Problem description >>
Copy from the first line below down to and including the line with "toy hammer workshop". Skip the pictures.

Records excerpted from a collection:
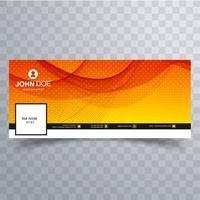Abstract wavy facebook timeline banner template vector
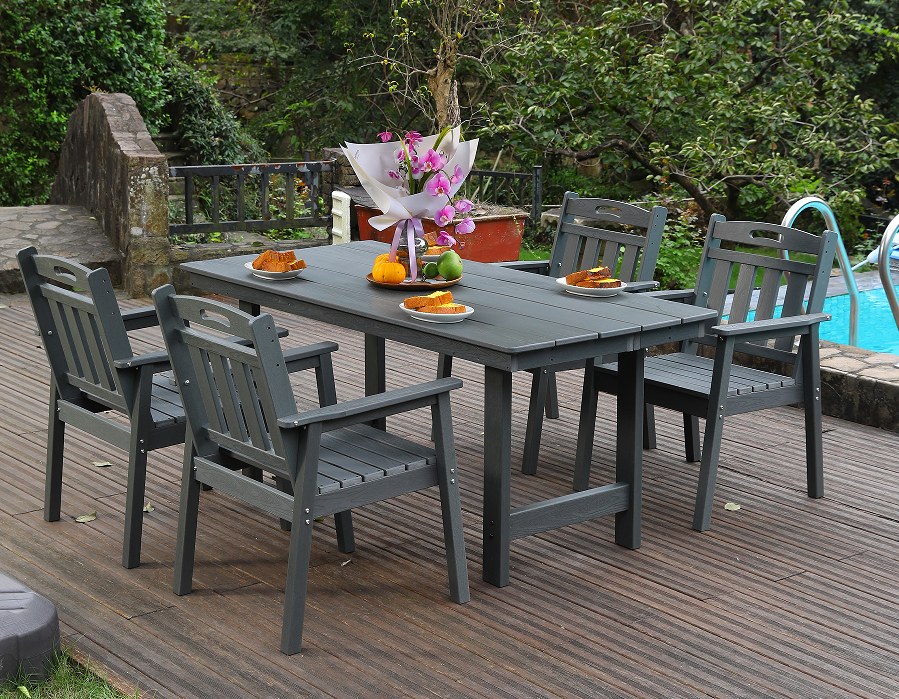 HDPE outdoor dining chair set 4 chairs + rectangular table gray vertical backrest
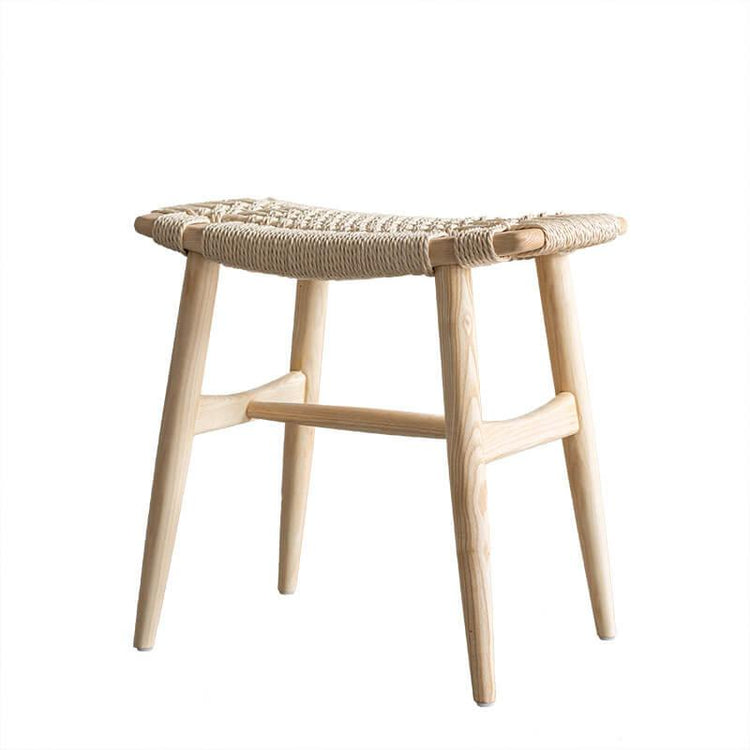 Tomomi- Solid Ash Wood & Kraft Paper Rope Makeup Stool | Dining Room Stool - mokupark.com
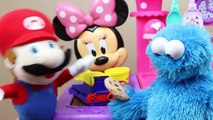 Minnie Mouse Kitchen with Super Mario and Cookie Monster Use Play Doh To Make Food by ToysReviewToys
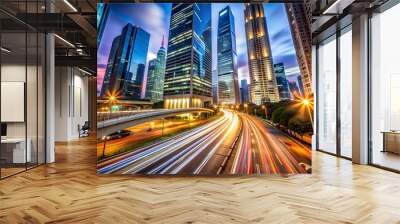 city street at night Wall mural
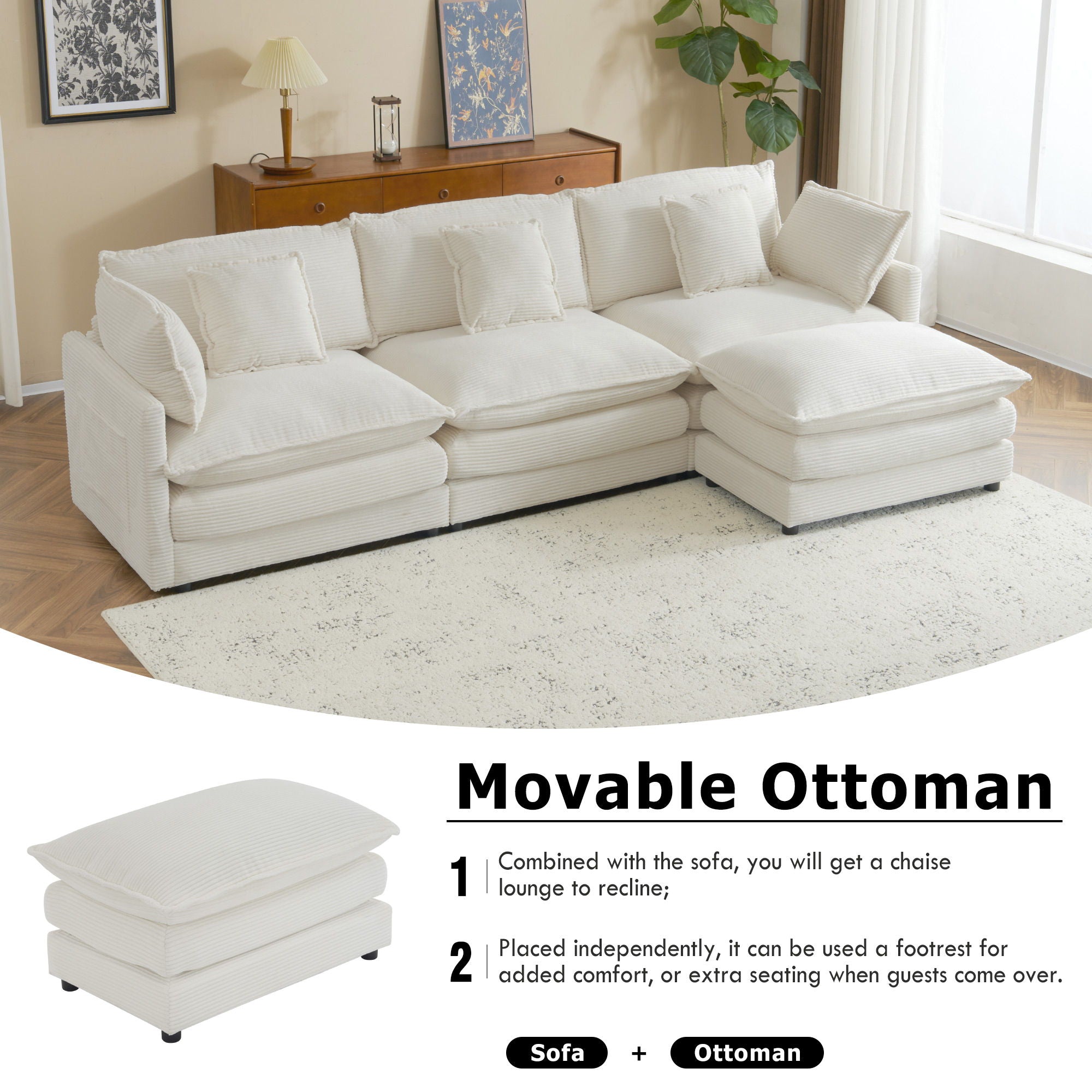Modern Modular Sectional Sofa With Side Storage Pockets For Living Room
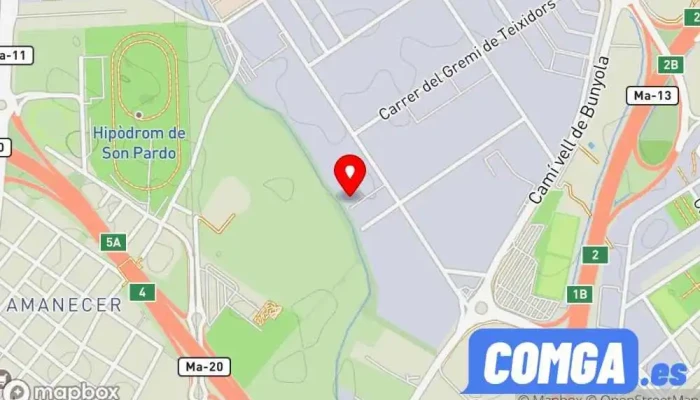 mapa de Cerrajería Royper Botiga de panys, Servicio de reparación de cristales, Cristalero, Herrero, Cerrajero, Taller de metalurgia, Carpintería metálica y de aluminio en Palma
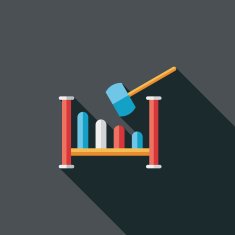 toy hammer workshop flat icon with long shadow N7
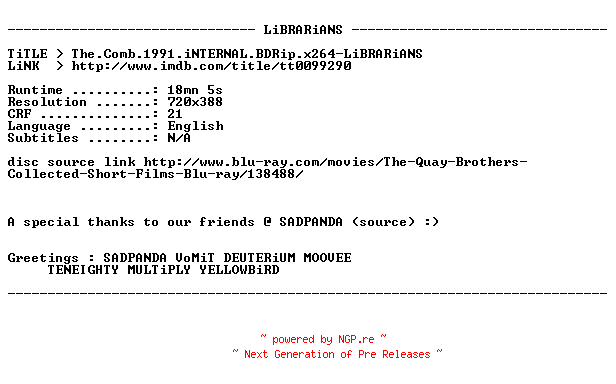 NFO for the release The.Comb.1991.iNTERNAL.BDRip.x264-LiBRARiANS by LiBRARiANS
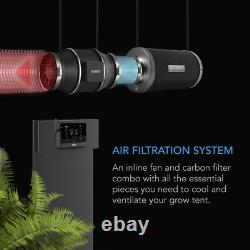 Kit de filtration de l'air PRO 4, ventilateur en ligne, contrôleur AI et filtre à charbon expédié de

The answer >>
Abstract wavy facebook timeline banner template vector
 HDPE outdoor dining chair set 4 chairs + rectangular table gray vertical backrest
 Tomomi- Solid Ash Wood & Kraft Paper Rope Makeup Stool | Dining Room Stool - mokupark.com
 Minnie Mouse Kitchen with Super Mario and Cookie Monster Use Play Doh To Make Food by ToysReviewToys
 city street at night Wall mural
Modern Modular Sectional Sofa With Side Storage Pockets For Living Room
 mapa de Cerrajería Royper Botiga de panys, Servicio de reparación de cristales, Cristalero, Herrero, Cerrajero, Taller de metalurgia, Carpintería metálica y de aluminio en Palma
 toy hammer workshop flat icon with long shadow N7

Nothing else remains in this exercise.